Spamalot was directed by Richard Ruiz, a 1998 UCONN MFA acting alum whose credits include Off-Broadway, regional theatre, and national tours. Learning that this was his directorial debut came as quite a surprise considering the immense and dynamic nature of this production. It was an incredible undertaking to cast 25 students in the various roles (many of whom doubled, as is customary for Spamalot). While there was not a weak player in the bunch, notable leads were: Gavin McNicoll who was as comical as he was the straight man as Patsy, King Arthur’s trusty servant and coconut-clacking steed; Bryce Wood was phenomenal as Sir Lancelot and Tim the Enchanter – and he has quite a remarkable set of abs! Nick Nudler nailed his performance of Sir Robin, including some very impressive vocals and some creative stage exits after repeatedly soiling his pants. I loved Chester Martin as Sir Dennis Galahad in his fetching blond locks, and Kent Coleman as Sir Bedevere, Concorde, and Ensemble. Zack Dictakis tore up the house as Dennis’ Mother, with her swaying and sagging breasts (he also doubled as Ensemble). Ryan Rudewicz was perfectly flamboyant as Prince Hebert (and he also appeared as a French Guard and Ensemble). Jeff DeSisto mastered his English accent as Historian and also played The French Taunter and Ensemble; and Susannah Resnikoff likewise mastered the art of nonsense language as Knight of Ni and also played Ensemble. Scott Redmond was wonderfully alive as Not Dead Fred, as well as French Guard, Minstrel, and Ensemble; Juliana Bearse was Monk and Ensemble; Derrick Holmes was Mayor, Guard 1, and Ensemble; Curtis Longfellow was The appendage-less Black Knight, Prince Herbert’s Father, and Ensemble. Joon Ho Oh was Sir Not-Appearing-in-this-Show, Mime, and Ensemble. Meredith Saran was Minstrel and Ensemble; Ben Senkowski was Minstrel, Sir Bors, and Ensemble. Ryan Shea was Guard 2 and Ensemble; Brian Patrick Sullivan was French Guard and Ensemble; Jacob Harris Wright was Brother Maynard and Ensemble. Remaining Ensemble were Mikaila Baca-Dorion, Valerie Badjan, Olivia Benson, Tabatha Gayle, Sarah Jensen, and Kirsten Keating Liniger.

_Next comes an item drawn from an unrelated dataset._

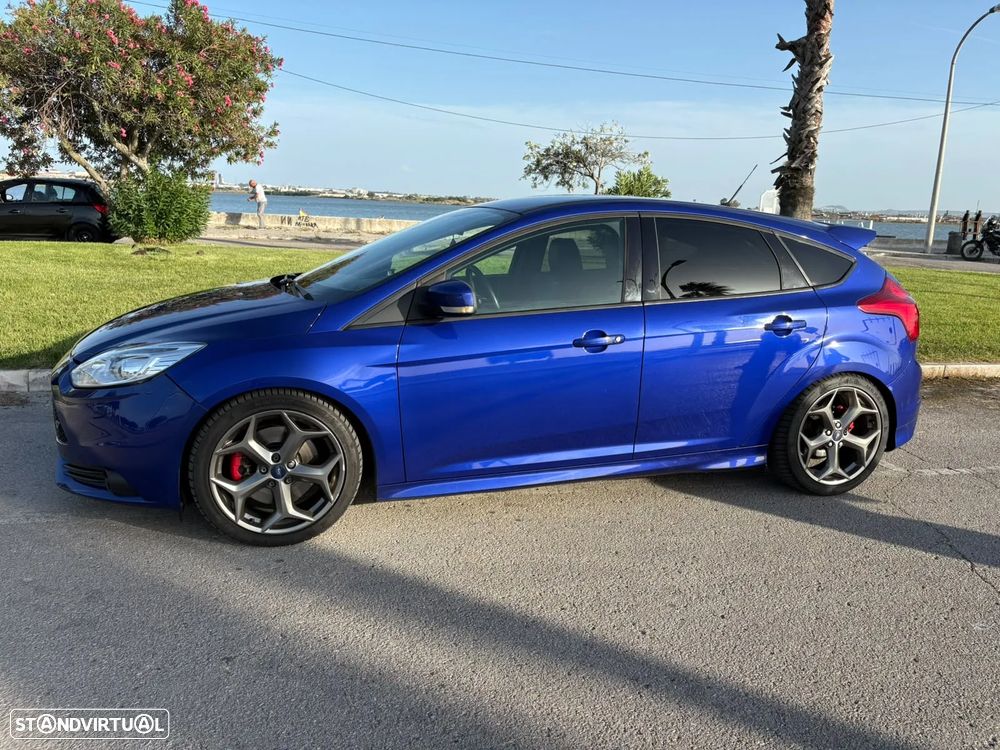 Ford Focus 2.0 EcoBoost ST c/ Pack Pele Desportiva - 2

Kudos to Abigail Copeland for very impressive scenic design, Adam Lobelson for lighting, Heather Lesieur for exceptional costumes, Joel Abbott for sound, Josh Winiarski for projection, and Shane McNeal for puppets (UCONN is one of few schools in the country to offer BFA and MFA puppet degree programs). A tremendous hats-off to Tom Kosis for choreography and stage management.

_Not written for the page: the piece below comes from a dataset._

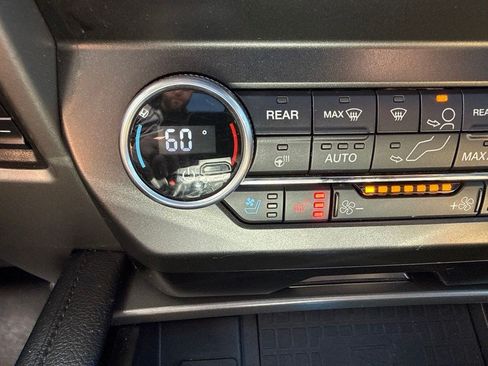 Used 2021 Ford Expedition XLT AWD/4WD image 22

With an outrageous plot to engage, plenty of song and dance to enthrall, and tons of talent to captivate, CRT created a night of truly great theatre. CRT provides its student actors with an opportunity to work with and learn from visiting professional artists in a distinctive and wonderfully developed program environment. Thank you CRT, Richard Kline, and Mariand Torres!